This is not the latest submitted version.

Submission summary

Authors (as registered SciPost users): Laura Messio · Coen de Graaf
Submission information
Preprint Link: https://arxiv.org/abs/2503.19728v2  (pdf)
Date submitted: July 10, 2025, 9:49 a.m.
Submitted by: Laura Messio
Submitted to: SciPost Physics Core
Ontological classification
Academic field: Physics
Specialties:
  • Condensed Matter Physics - Computational
Approach: Computational

Abstract

Herbertsmithite is known as the archetype of a S=1/2 first-neighbor Heisenberg antiferromagnet on the kagom\'e lattice, theoretically presumed to be a quantum gapless spin liquid. However, more and more experiments reveal that the model suffers from deviations from the ideal one, evidenced at very low temperatures. This detailed ab initio study focuses on two such deviations that have never been quantitatively calculated: the anisotropic exchange interactions and the Heisenberg exchange with extra-plane magnetic impurities. The Dzyaloshinskii-Moriya interaction is found to have an in-plane component almost three times larger than the out-of-plane component, but typically obviated in theoretical studies. Moreover, it is shown that the extra-plane magnetic impurities have a strong ferromagnetic interaction (minus half the main exchange $J_1$ ) with the kagom\'e magnetic sites. Combined with an estimated occurrence of these magnetic impurities of $\sim15\%$, the present results indicate that two-dimensional magnetic models only describe part of the physics.

Current status:
Has been resubmitted

Reports on this Submission

Report #2 by Anonymous (Referee 2) on 2025-8-28 (Invited Report)

Strengths

1 Paper provides first ab initio estimates of Dzyaloshinskii-Moriya interactions and out-of-plane ferromagnetic interactions with impurities in prototypical kagomé antiferromagnet compound
2 Manuscript demonstrates consistency of embedded cluster calculations with respect to cluster size

Weaknesses

1 There is unjustified inconsistency in the employed computational methods: wave-function methods are used for anisotropic couplings, but density functional theory with different Gaussian basis set is used for the isotropic couplings. Moreover, different functionals used in DFT for geometry optimization and total energy calculations).
2 The authors omit the local point group symmetry analysis of the system, which typically determine the form of the DM interaction up to numerical values.

Report

The authors report estimates of magnetic exchange interactions in Herbertsmithite: anisotropic using multicinfigurational wave-function (WF)-based method and isotropic using density functional theory (DFT). These results improve our understanding of this compound, which is considered to be prototypical 2-dimensional S=1/2 kagomé lattice antifferomagnet with quantum spin-liquid ground state.

Sizable Dzyaloshinskii-Moriya (DM) interactions and ferromagnetic interactions with out-of-plane impurities question the overall consensus that the only relevant magnetic interaction in Herbertsmithite is nearest-neighbor isotropic exchange. Future studies should verify the stability of the spin-liquid state with respect to those interactions.

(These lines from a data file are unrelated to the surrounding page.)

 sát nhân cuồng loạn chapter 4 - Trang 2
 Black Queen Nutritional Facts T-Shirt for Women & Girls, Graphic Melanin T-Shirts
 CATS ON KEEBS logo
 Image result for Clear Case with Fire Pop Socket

However, there are several problems with the manuscript.

1 It is not clear from the paper why authors decided to treat isotropic and anisotropic exchange separately with different methods. Within the effective Hamiltonian approach they employ to obtain DM interactions, they also obtain J1, which should probably be considered as their best estimates. But it is not reported in Table 2.
It should also be possible to estimate J5 and the corresponding possible anisotropic interactions with out-of-plane impurity using WF-based methods to get consistent picture.

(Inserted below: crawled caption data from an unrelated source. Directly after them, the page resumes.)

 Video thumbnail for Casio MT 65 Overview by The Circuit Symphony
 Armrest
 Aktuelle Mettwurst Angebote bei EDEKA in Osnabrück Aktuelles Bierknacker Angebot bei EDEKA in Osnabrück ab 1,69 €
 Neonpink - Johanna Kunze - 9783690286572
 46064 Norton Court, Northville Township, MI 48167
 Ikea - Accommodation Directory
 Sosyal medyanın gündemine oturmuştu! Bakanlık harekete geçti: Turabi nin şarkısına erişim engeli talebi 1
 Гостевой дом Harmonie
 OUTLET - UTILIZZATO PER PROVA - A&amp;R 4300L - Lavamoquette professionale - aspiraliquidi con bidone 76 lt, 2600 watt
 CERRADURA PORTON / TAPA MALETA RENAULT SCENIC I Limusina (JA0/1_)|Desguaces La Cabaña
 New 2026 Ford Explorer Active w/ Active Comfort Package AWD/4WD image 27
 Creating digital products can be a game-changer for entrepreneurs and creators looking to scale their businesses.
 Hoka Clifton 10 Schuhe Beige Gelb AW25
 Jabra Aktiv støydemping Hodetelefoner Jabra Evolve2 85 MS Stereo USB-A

2 In the DFT calculations of further-neighbor isotropic couplings using bigger clusters the authors opted for choosing a different basis set compare to WF-based part of the study, which is again reduces the coherency of the study.

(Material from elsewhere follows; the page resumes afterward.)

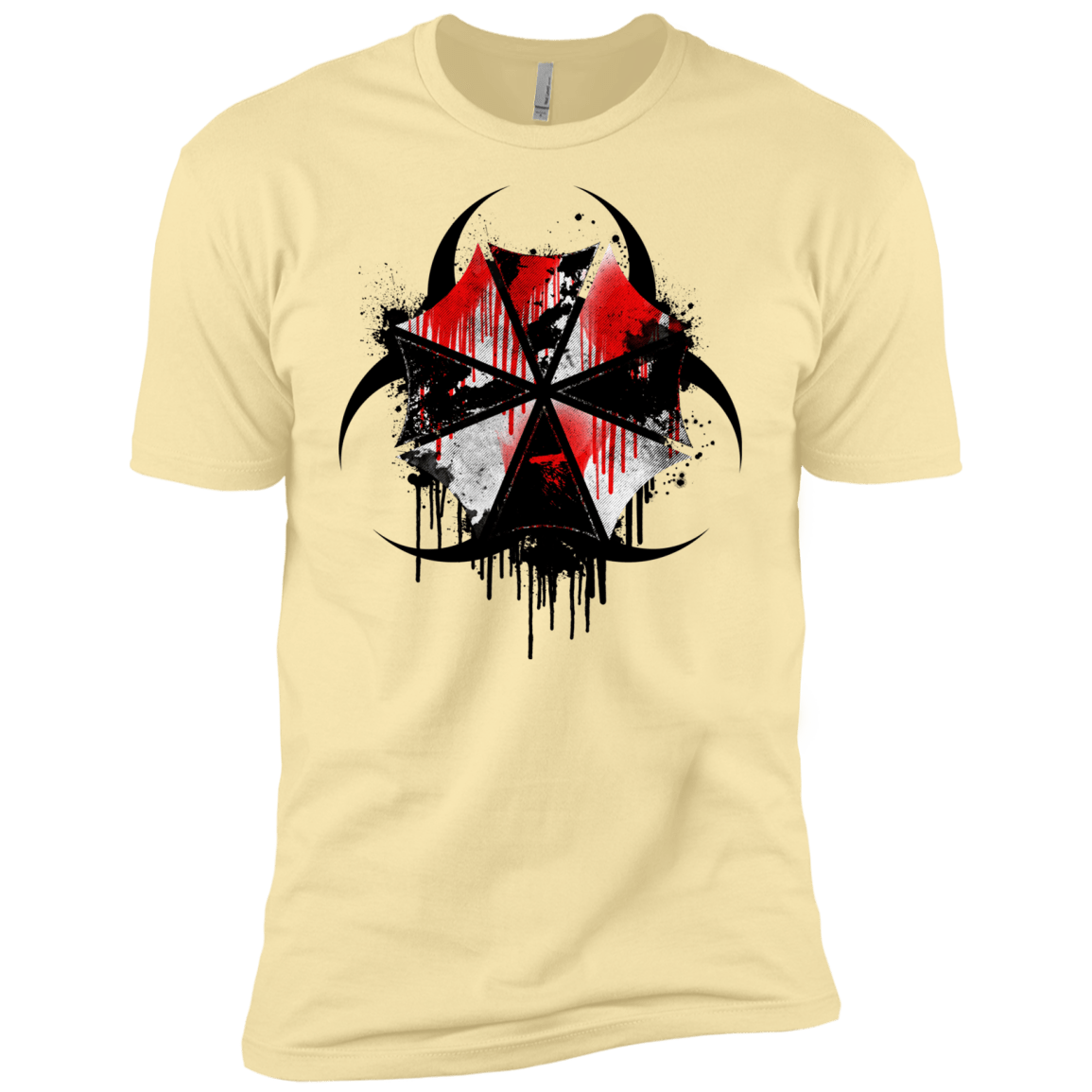 Umbrella Corp Men's Premium T-Shirt
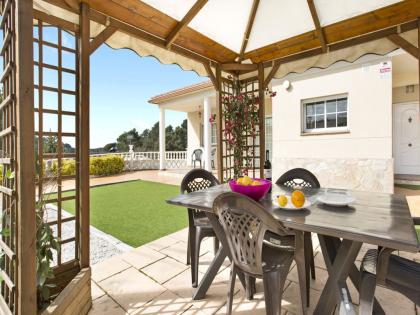 ❤️ 2026: Günstiges Costa Brava Ferienhaus mieten - privater Pool - Spanienurlaub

3 In the text authors advocate for the DDCI method to be one of the most accurate WF-based methods to treat dynamical correlations for magnetic systems. The DDCI3 indeed shows very good performance for exchange couplings. But in this study the least accurate form (DDCI1) equivalent to MRCI-S (multireference configuration interaction with single excitations) is used, which is tend to overestimate magnetic couplings. This point should not be hidden, but rather discussed in the text.

4 Authors mention that the orientation of the DM vector (would be the fraction of d_parallel/d_perpendicular in the paper's notation) is "a priori surprising result", but in most cases this orientation is fully determined by the local point-group symmetry of the dimer. Such analysis should be a natural part of the paper.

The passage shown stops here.